Screening of seven new short documentaries from Scottish Documentary Institute’s talent development initiative Bridging the Gap, celebrating its 20th anniversary this year. This screening includes a Q&A with filmmakers.

A collection of films showcasing those fearless outsiders whose journeys across borders, conflict and time offer inspiring and thought-provoking stories of acceptance, reconciliation and love.

This year’s films cover issues including mental ill health, trauma, conflict, grief, disability, loneliness, and incarceration, and we’re delighted to present them as part of the Scottish Mental Health Arts Festival.
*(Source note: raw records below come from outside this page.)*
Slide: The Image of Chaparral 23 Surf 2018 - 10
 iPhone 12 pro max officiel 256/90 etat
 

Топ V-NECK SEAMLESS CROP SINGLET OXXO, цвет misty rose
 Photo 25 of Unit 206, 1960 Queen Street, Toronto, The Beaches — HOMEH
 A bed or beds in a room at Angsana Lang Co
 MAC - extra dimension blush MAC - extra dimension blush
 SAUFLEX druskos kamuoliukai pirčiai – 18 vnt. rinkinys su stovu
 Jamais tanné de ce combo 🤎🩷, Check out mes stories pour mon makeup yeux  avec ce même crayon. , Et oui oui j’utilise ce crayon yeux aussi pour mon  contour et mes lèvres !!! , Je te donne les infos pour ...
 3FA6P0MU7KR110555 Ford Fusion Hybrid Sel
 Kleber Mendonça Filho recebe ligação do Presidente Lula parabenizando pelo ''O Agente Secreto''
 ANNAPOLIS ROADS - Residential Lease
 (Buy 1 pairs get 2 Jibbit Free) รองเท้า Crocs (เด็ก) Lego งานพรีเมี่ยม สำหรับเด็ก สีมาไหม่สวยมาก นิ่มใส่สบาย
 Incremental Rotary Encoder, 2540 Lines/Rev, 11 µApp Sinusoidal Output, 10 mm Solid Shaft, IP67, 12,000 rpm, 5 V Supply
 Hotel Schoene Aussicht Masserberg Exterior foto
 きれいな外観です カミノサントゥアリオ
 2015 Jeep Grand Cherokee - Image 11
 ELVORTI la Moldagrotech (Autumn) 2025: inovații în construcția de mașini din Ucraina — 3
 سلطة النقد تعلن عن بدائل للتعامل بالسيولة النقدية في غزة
Still from The Sound of the Wind

The Sound of the Wind  
Maria Pankova / United Kingdom / 2023 / 18 min 

On 24 February 2022, chef Yulia loses her former life and becomes a refugee, along with her two adopted daughters, fleeing the war in Ukraine. The fear and connection to war doesn’t leave her even when she is thousands of miles away. She is fighting for her children’s future, and she fears losing her husband. 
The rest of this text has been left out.